Dynamic wormhole solutions in Einstein-Cartan gravity

TL;DR

This paper explores evolving wormhole solutions within Einstein-Cartan gravity, incorporating spin effects via Weyssenhoff fluid, and derives analytical models that satisfy energy conditions and exhibit specific asymptotic behaviors.

Contribution

It introduces new analytical evolving wormhole solutions in Einstein-Cartan theory with spin effects, extending previous models in general relativity.

Findings

Derived exact asymptotically flat wormhole solutions.

Found solutions respecting energy conditions.
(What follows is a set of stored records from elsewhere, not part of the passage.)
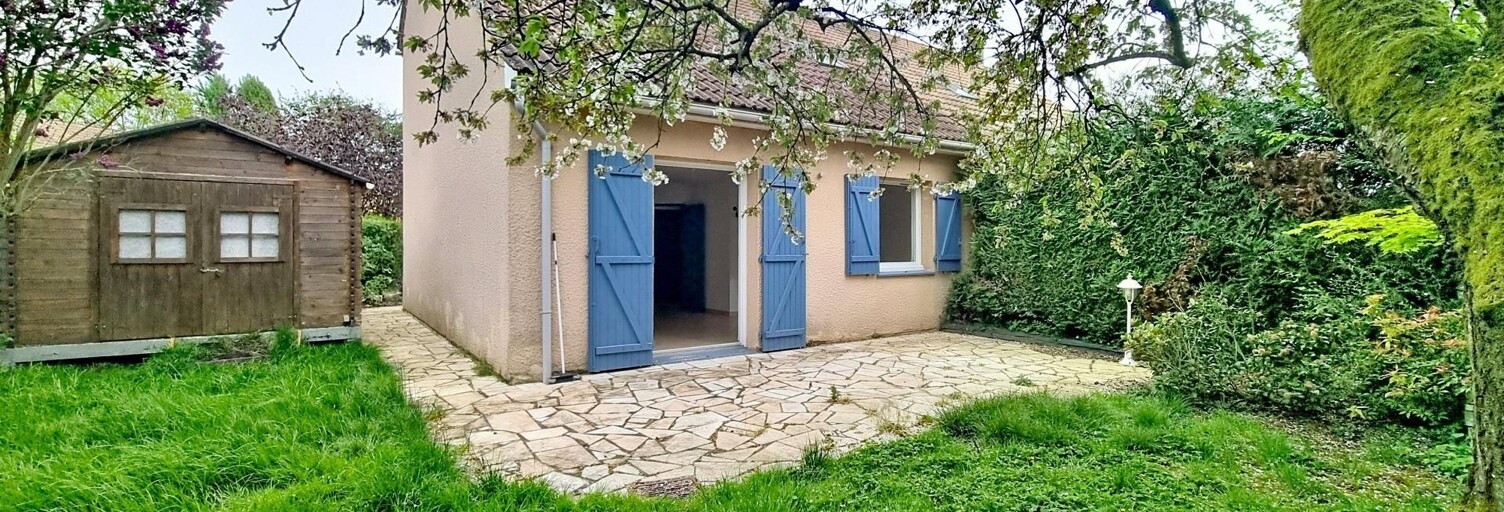 Maison 5 Pièces 90 m² à vendre à Pontault-Combault (77340)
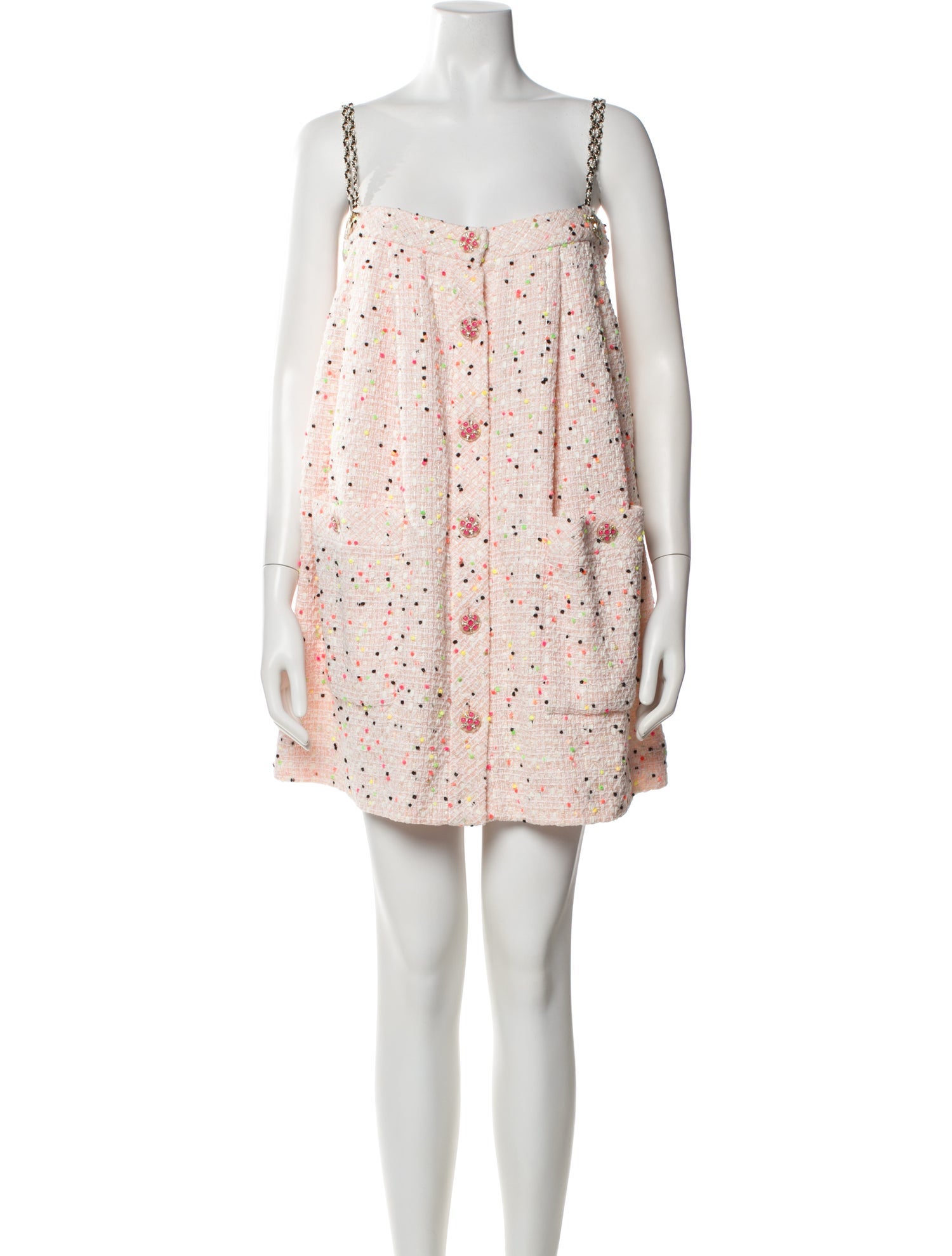 Chanel 2019 Mini Dress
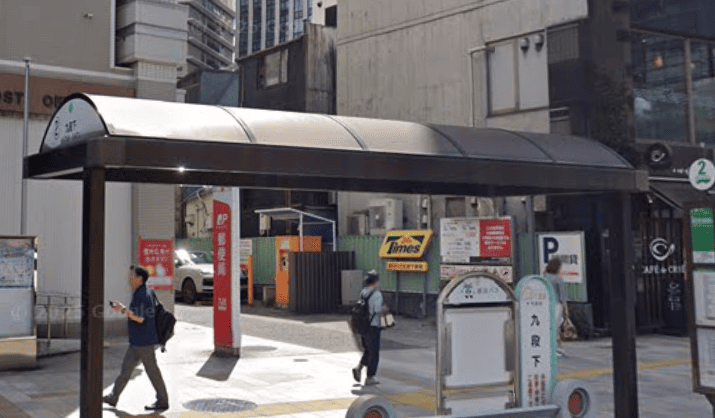 ポスパーク九段下駅前駐車場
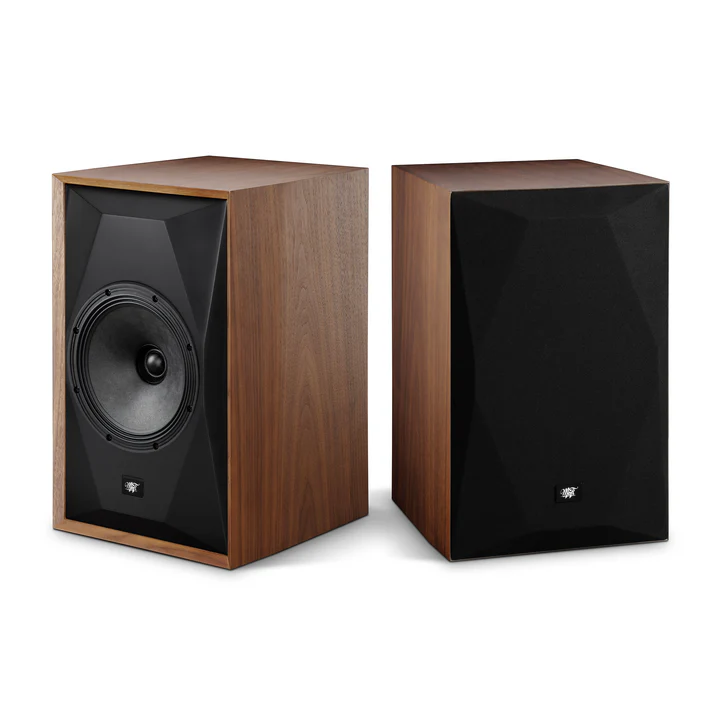 MoFi Electronics SourcePoint 8 Walnut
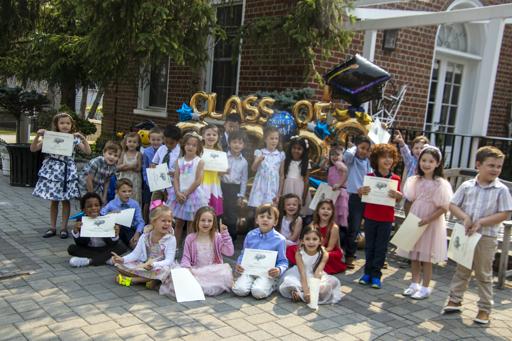 Kindergarten Graduation 2023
Determined expansion rate via Friedmann equation with spin.

Abstract

In the present work we investigate evolving wormhole configurations described by a constant redshift function in Einstein-Cartan theory ({{\sf ECT}}). The matter content consists of a Weyssenhoff fluid along with an anisotropic matter which together generalize the anisotropic energy momentum tensor in general relativity ({{\sf GR}}) in order to include the effects of intrinsic angular momentum (spin) of particles. Using a generalized Friedmann-Robertson-Walker ({\sf FRW}) spacetime, we derive analytical evolving wormhole geometries by assuming a particular equation of state ({{\sf EoS}}) for energy density and pressure profiles. We introduce exact asymptotically flat and anti-de Sitter spacetimes that admit traversable wormholes and respect energy conditions throughout the spacetime. The rate of expansion of these evolving wormholes is determined only by the Friedmann equation in the presence of spin effects.